Less attention has been paid to the research being conducted into building similarly small molecular transistors and, eventually, microprocessors.
Nanotechnology is a stage deeper and more complex than MEMS and it may take some time before the first fruits of the research is ready to leave the lab.
The technology involves building machines atom-by-atom. But Zyvex is currently stalled. It has built machines – scanning probe microscopes – capable of picking up a single atom. But melding one atom to another with the necessary precision has proved elusive. If it uses too little force, the atoms fail to meld. Too much and the atoms cannot be melded correctly.
To try and get round this, the company is resorting to MEMS technology in a bid to build a ‘nano assembler', a microscopic machine that could be used to manufacture nanotechnology devices. von Ehr hopes to see the company's first simple nanotech devices rolling off its ‘production lines' from 2005.

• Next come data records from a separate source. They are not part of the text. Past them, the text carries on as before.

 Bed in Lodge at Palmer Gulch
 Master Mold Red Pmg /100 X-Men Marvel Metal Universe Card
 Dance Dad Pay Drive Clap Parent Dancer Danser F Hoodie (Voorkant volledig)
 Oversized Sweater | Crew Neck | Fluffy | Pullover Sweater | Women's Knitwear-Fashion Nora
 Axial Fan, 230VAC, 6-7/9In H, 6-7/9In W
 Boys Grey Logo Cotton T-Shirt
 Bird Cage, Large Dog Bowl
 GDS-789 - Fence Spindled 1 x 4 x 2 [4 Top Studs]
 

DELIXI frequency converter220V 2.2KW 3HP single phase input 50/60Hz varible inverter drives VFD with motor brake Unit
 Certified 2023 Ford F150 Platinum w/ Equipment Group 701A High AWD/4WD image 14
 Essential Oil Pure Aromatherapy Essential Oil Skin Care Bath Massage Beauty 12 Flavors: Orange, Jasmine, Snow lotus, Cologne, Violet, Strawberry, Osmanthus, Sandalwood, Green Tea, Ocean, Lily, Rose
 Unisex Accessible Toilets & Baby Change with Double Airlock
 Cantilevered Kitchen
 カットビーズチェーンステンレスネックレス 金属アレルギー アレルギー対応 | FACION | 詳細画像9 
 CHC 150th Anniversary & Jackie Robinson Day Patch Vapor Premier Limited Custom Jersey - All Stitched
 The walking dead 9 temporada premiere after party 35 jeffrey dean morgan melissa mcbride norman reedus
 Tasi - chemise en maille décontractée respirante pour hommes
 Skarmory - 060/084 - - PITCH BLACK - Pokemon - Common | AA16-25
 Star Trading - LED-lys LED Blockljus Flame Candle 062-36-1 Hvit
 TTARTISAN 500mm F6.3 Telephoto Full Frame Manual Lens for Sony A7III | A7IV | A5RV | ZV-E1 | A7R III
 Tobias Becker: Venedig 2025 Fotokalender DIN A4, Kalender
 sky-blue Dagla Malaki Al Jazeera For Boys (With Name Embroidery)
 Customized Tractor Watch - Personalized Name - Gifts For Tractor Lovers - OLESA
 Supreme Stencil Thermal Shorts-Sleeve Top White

Most nanotechnology research is being conducted at universities. Particular areas of expertise include the University of Texas at Dallas, Rutgers University, the State University of New York, University of California at Santa Barbara, all in the US, Cranfield University and Imperial College of Science in the UK, University of Lund in Sweden, and Humboldt University in Germany, and University of Twente in the Netherlands.
- Philips Research, part of the Dutch consumer electronics giant, has demonstrated a 64-by-64 pixel display.
- IBM has been designing transistors, the building blocks of microprocessors, made from a hybrid of organic and inorganic materials. Researchers say that they have already been able to make prototype solutions that can be coated on to a wide range of substrate materials, not just silicon.
- Massachusetts Institute of Technology (MIT) has focused its research on what it calls ‘printable computers'. It says that it has been able to use a standard bubble jet printer to make some of the components of a printable computer. This research illustrates the potential that plastics hold for cutting the cost of producing many semiconductor parts. Joseph Jacobson, director of the MIT Media Lab, believes that his organisation is close to being able to "print out" a simple microprocessor, possibly before the end of 2002.
Other leading centres of research into plastic semiconductor technology includes Lucent's Bell Labs, the US Department of Defense and the University of Cambridge in England.